House Dems call for Supreme Court term limits: Here are the pros and cons
“I think the whole idea is to lower the political temperature surrounding the courts and our confirmation hearings,” said Anthony Marcum, a resident fellow at the R Street Institute. “The problem is, not only are these plans unconstitutional, but I fear they’ll have the exact opposite results.”
Rather than making confirmations less contentious, they’ll be permanently tied to every presidential race and Senate race, putting an even bigger political spotlight on the court, according to Marcum. “You won’t take away the political pressure on the courts, you’ll make it even worse.”
Under the proposal, a president serving two terms could appoint up to four justices.

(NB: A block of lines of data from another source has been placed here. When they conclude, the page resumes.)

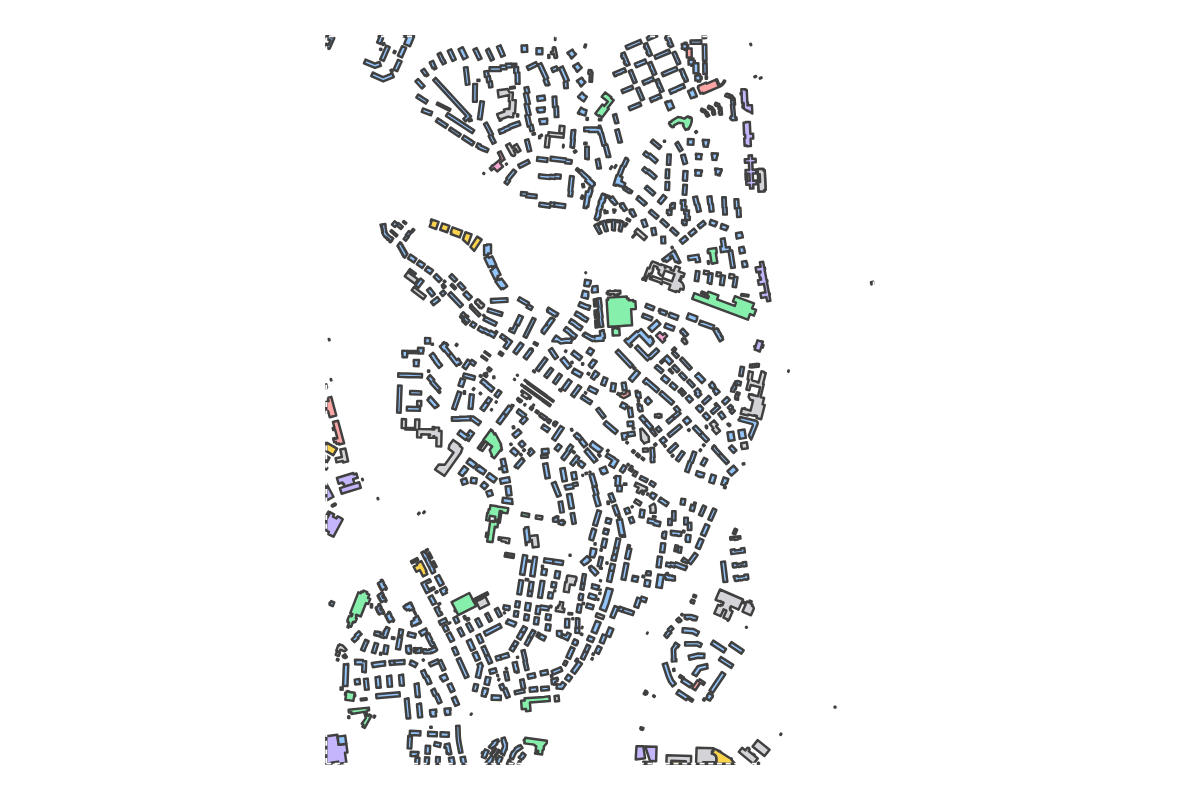 Program breakdown map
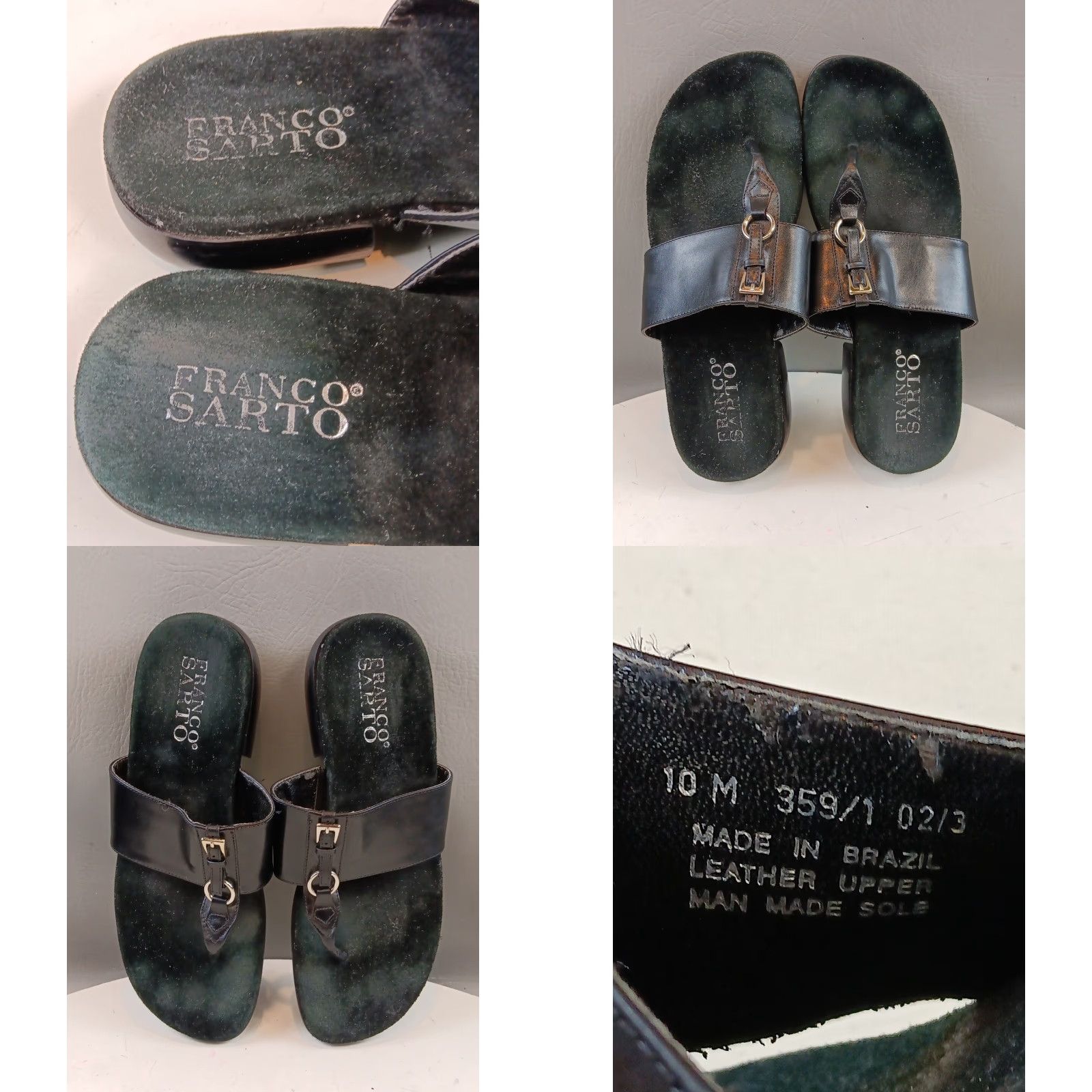 Franco Sarto Franco Sarto Sandal Women Flip Flop Leather Brown 6 Summer Casual Womens Shoes Size US 6 / IT 36 - 11 Thumbnail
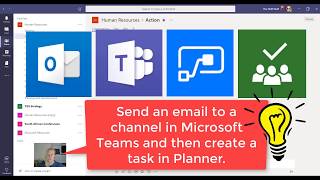 #Microsoft365 Day 262: Create a Planner Task when email is sent to #MicrosoftTeams Channel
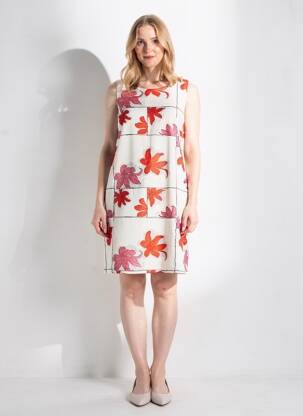 Rochie scurtă fără mâneci fără mâneci bej DESIGUAL femeie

Marcum advised that could throw the court off-balance ideologically within a short period of time, especially if two presidents of the same party served two back-to-back terms. “You could very well go from eight Scalias to eight Ginsburgs in a relatively short period of time,” he said. “That sort of back and forth is not what people anticipate in these 18-year terms.”
If the court becomes overwhelmingly one-sided, there are fears that the majority could take advantage of its position to overturn precedent. Suzanna Sherry, a constitutional law professor at Vanderbilt Law School warned that welcoming a new justice to the court every two years “could wreak havoc on doctrinal stability.”